Example Rayleigh Wave Processing: Measuring Dispersion

The next step is to use the program bvax to measure a dispersion curve from the waveform data. Here, we are using the synthetic data of Figure 45. The input parameters for a command line execution are show below:


{bvaxhelp}
      bvax infile xmin xmax vmin vmax nvel . . .
           fmin fmax delf bwd iskp ivscn

 infile  =input file name 
 xmin    =minimum offset (float) 
 xmax    =maximum offset (float) 
 vmin    =minimum velocity 
 vmax    =maximum velocity 
 nvel    =number of velocity increments
 fmin    =minimum frequency Hz
 fmax    =maximum frequency Hz 
 delf    =frequency increment Hz 
 bwd     =filter bandwidth Hz 
 iskp    =skip filtering (if files already exist)
           1=YES  0=NO (-1=NO and delete when done)
 ivscn   =output velocity scan data sets 
           1=YES  0=NO
bvaxhelp


bvax wavV.seg .5 50. 50. 500. 200 6. 50. 1 .25 -1 0


The choice of frequency increment and bandwidth will depend on your data record length.

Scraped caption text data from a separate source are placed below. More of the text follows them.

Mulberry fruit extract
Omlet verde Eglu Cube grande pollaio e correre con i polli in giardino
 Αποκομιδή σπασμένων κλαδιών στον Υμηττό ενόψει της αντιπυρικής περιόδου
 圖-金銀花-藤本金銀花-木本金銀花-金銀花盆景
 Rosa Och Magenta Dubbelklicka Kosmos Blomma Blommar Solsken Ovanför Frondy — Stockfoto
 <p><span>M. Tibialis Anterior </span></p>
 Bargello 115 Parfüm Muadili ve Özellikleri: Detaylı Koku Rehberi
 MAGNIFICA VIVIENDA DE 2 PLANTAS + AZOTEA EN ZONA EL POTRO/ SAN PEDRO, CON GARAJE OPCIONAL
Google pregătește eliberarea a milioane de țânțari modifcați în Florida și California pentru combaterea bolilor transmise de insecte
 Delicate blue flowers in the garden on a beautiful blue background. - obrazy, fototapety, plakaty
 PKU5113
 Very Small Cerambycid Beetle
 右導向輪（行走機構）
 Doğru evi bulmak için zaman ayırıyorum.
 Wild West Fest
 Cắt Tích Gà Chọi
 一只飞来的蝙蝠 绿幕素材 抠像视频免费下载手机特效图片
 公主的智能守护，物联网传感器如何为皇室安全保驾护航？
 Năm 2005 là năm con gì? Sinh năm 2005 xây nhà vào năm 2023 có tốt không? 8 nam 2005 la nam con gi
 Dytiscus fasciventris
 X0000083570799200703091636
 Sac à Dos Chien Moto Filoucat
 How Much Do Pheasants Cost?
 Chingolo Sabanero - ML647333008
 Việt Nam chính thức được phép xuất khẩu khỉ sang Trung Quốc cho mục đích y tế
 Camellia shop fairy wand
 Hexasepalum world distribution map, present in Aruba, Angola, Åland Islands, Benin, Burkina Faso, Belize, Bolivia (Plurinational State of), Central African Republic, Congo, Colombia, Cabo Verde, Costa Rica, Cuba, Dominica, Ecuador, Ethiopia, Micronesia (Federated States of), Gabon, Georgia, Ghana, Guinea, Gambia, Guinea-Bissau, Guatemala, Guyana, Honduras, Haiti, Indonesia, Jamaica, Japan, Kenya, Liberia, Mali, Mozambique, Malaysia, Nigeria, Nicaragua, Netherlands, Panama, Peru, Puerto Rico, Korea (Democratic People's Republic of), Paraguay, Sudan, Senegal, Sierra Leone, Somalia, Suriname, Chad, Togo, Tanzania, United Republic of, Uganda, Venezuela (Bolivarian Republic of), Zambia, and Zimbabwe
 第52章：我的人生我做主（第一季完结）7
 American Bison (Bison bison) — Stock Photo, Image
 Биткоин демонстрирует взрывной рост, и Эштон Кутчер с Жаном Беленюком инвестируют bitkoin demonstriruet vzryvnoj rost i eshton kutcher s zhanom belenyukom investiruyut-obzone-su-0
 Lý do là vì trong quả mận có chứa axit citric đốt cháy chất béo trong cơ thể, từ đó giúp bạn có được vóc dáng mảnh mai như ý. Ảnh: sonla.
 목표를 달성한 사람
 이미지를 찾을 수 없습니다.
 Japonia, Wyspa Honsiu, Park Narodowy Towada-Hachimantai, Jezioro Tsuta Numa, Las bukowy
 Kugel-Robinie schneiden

For example, for 0.5 second signals, set $delf=2$ Hz increments. For 2.0 second signals, set $delf=0.5$ Hz. The longer the temporal aperture, the finer the spectral resolution possible. The program determines phase velocity using cross correlations of extremely narrow band signals (one can't pick arrivals, that would be appropriate for a group velocity procedure). At each frequency selected, trial velocities are applied as static shifts, and semblance computed to determine the degree of alignment. A peak in the semblance is picked by a Golden Section search, and the hope is that the picked peak is for the fundamental mode. The number of trial velocities needs to be large enough to provide good image files, but need not be large if your interest is primarily in the picks of semblance peaks (output file bvax.his).